- **Work to complete**
For this exercise, copy the data exactly and omit any images.

- **Input data**
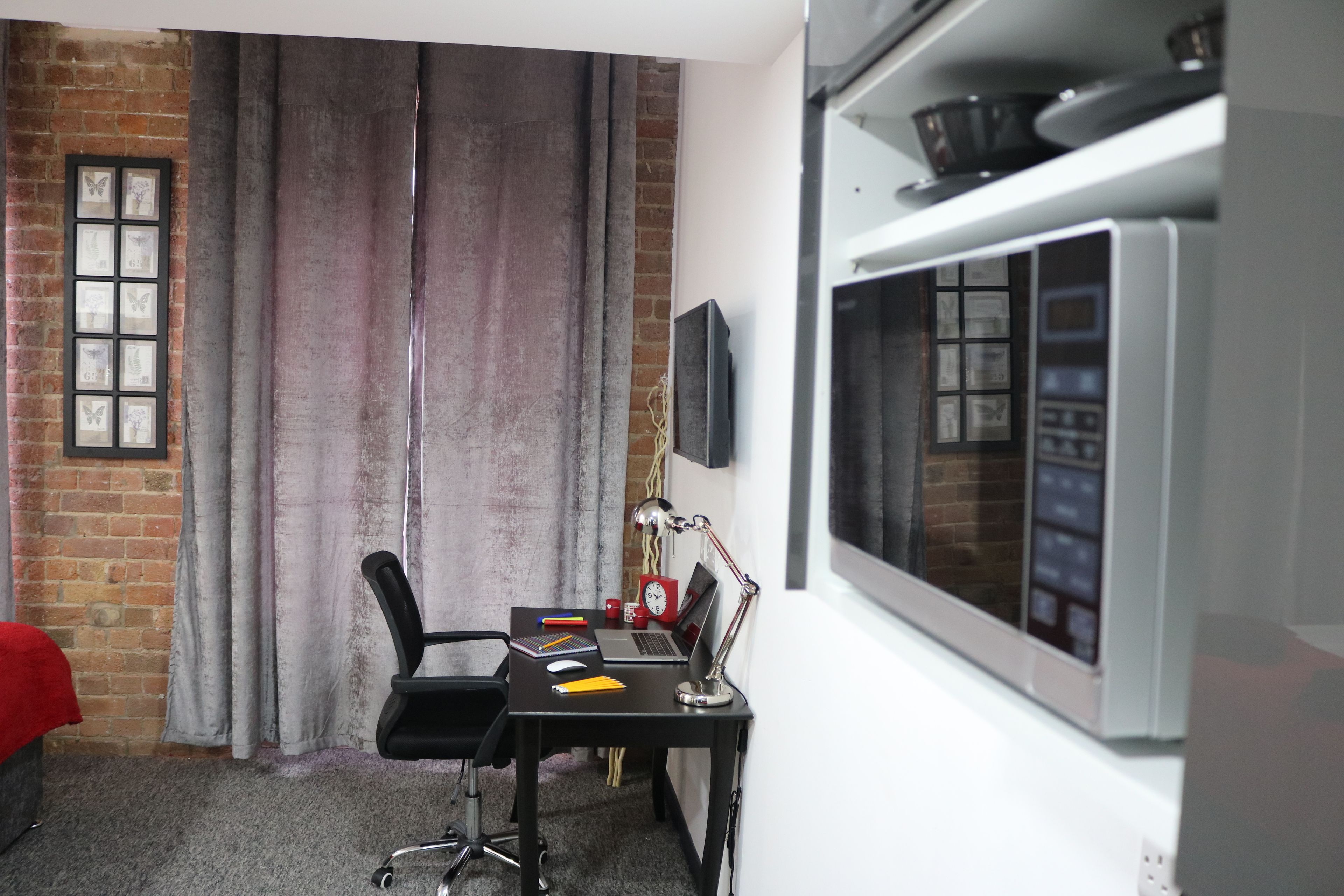A room with a brick wall, a black desk with a laptop, a red chair, a black office chair, a window with blinds, and a white shelf with a microwave.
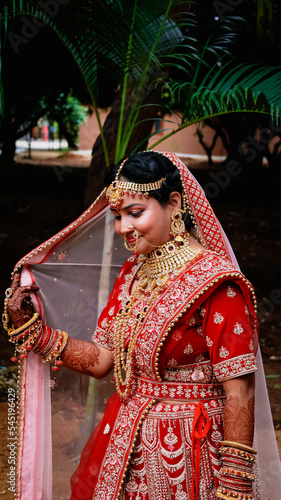 Portrait of a beautiful Indian bride in a traditional wedding dress. Young Hindu woman with golden Kundan jewelry set. Traditional Indian costume lehenga choli.  kalira and red nail paint photo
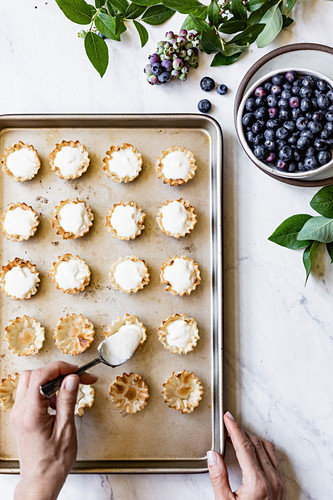 Mini Blueberry Lemon tarts is getting filled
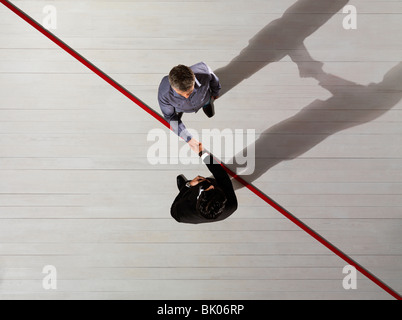Business men Shaking hands over red line Stock Photo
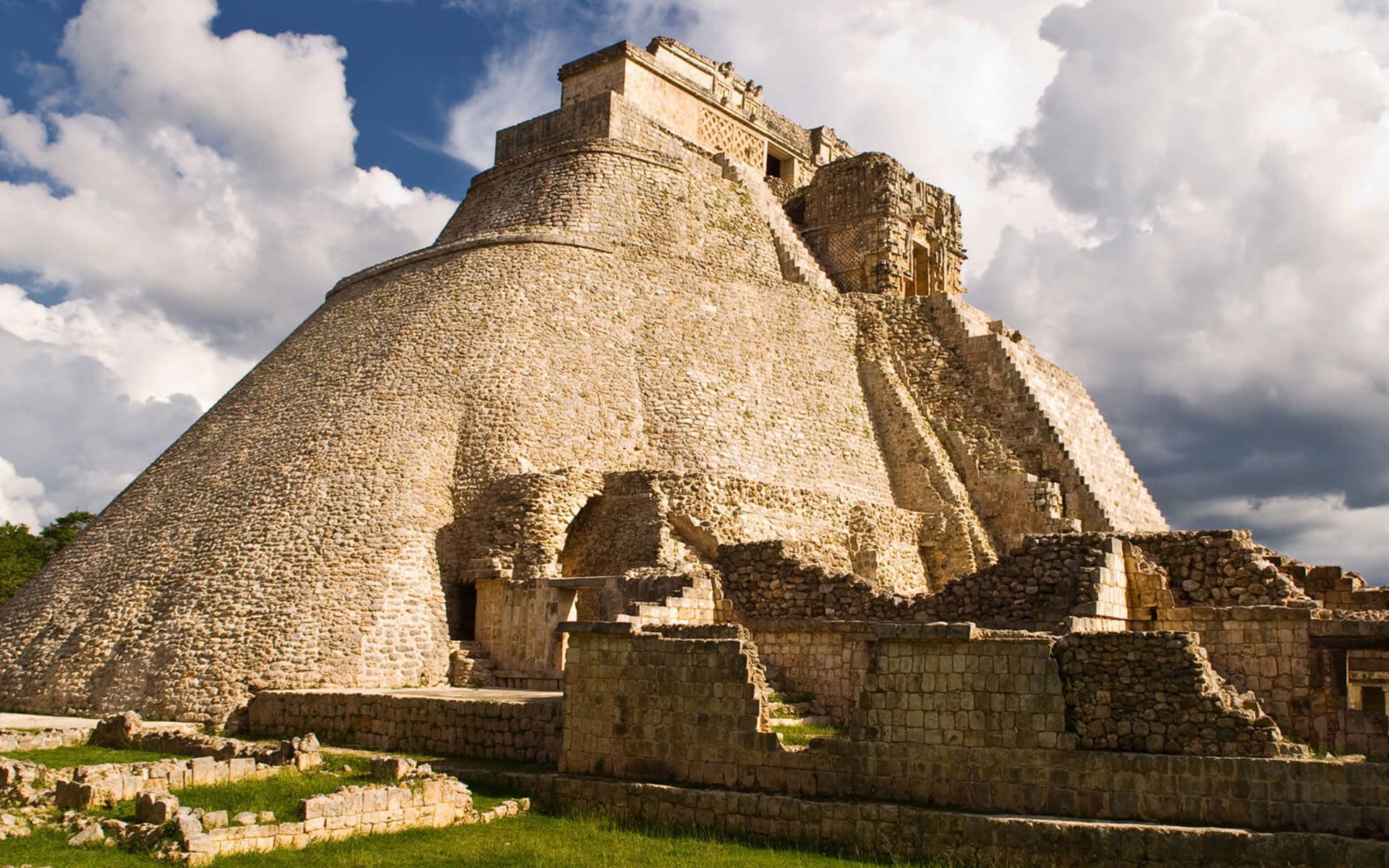 La Pirámide del Adivino en Uxmal, México, una enorme estructura de piedra con esquinas redondeadas que se recorta contra un cielo azul nublado.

- **Written response**
A room with a brick wall, a black desk with a laptop, a red chair, a black office chair, a window with blinds, and a white shelf with a microwave.
 Portrait of a beautiful Indian bride in a traditional wedding dress. Young Hindu woman with golden Kundan jewelry set. Traditional Indian costume lehenga choli.  kalira and red nail paint photo
 Mini Blueberry Lemon tarts is getting filled
Business men Shaking hands over red line Stock Photo
 La Pirámide del Adivino en Uxmal, México, una enorme estructura de piedra con esquinas redondeadas que se recorta contra un cielo azul nublado.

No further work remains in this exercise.